The common transistor is called a junction transistor, and it was the key device which led to the solid state electronics revolution. In application, the junction transistor has the disadvantage of a low input impedance because the base of the transistor is the signal input and the base-emitter diode is forward biased. Another device achieved transistor action with the input diode junction reversed biased, and this device is called a "field effect transistor" or a "junction field effect transistor", JFET. With the reverse biased input

junction, it has a very high input impedance. Having a high input impedance minimizes the interference with or "loading" of the signal source when a measurement is made.

For an n-channel FET, the device is constructed from a bar of n-type material, with the shaded areas composed of a p-type material as a Gate. Between the Source and the Drain, the n-type material acts as a resistor. The current flow consists of the majority carriers (electrons for n-type material).

Since the Gate junction is reverse biased and because there is no minority carrier contribution to the flow through the device, the input impedance is extremely high.

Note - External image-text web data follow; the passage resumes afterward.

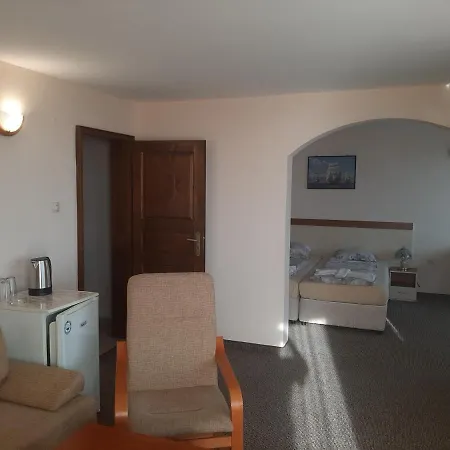 Orchidea فندق سوزوبول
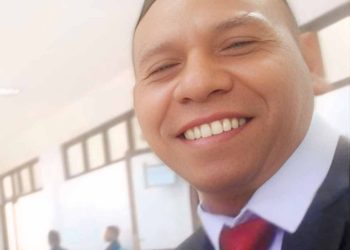 Anggota DPRD Lembata M. Lukman Laba: Birokrasi ujung Tombak Pembangunan Daerah, Bupati dan Sekda mutasi Pejabat jangan untuk balas jasa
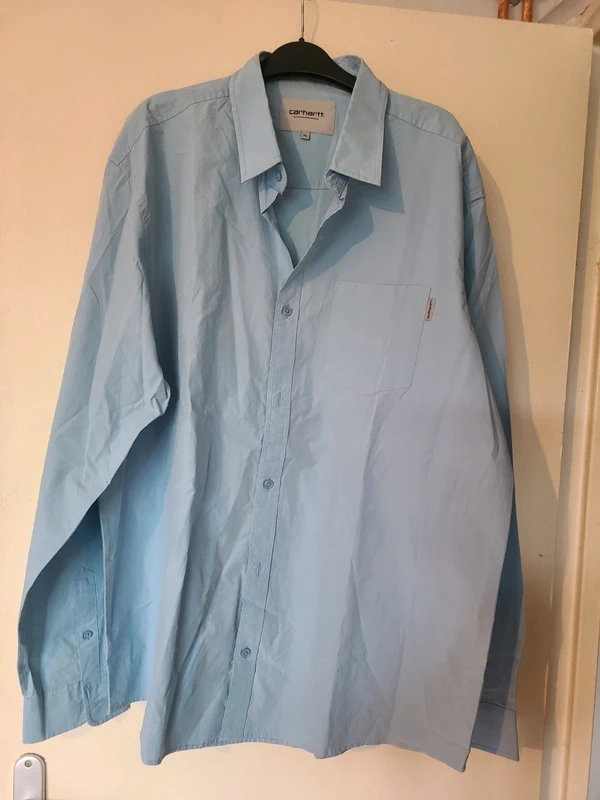Chemise carhartt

The control element for the JFET comes from depletion of charge carriers from the n-channel. When the Gate is made more negative, it depletes the majority carriers from a larger depletion zone around the gate. This reduces the current flow for a given value of Source-to-Drain voltage. Modulating the Gate voltage modulates the current flow through the device.

IGFET

The insulated gate field effect transistor (IGFET) differs from the JFET by the addition of a silicon dioxide layer over the JFET and then a layer of silicon nitride. The result is a device which has even higher input impedance. The goal of extremely high input impedance allows an amplifier to sample some signal with minimal "loading" or interference with the signal source.
Common devices using this strategy are called MOSFETs, for metal oxide field effect transistors. They have achieved input impedances on the order of 10¹⁵ ohms.

JFET Characteristic Curves

Characteristic curves for the JFET are shown at left. You can see that for a given value of Gate voltage, the current is very nearly constant over a wide range of Source-to-Drain voltages. The control element for the JFET comes from depletion of charge carriers from the n-channel. When the Gate is made more negative, it depletes the majority carriers from a larger depletion zone around the gate. This reduces the current flow for a given value of Source-to-Drain voltage. Modulating the Gate voltage modulates the current flow through the device.
The transfer characteristic for the JTET is useful for visualizing the gain from the device and identifying the region of linearity. The gain is proportional to the slope of the transfer curve. The current value I_DSS represents the value when the Gate is shorted to ground, the maximum current for the device. This value will be part of the data supplied by the manufacturer. The Gate voltage at which the current reaches zero is called the "pinch voltage", V_P. Note that the dashed line representing the gain in the linear region of operation strikes the zero current line at about half the pinch voltage.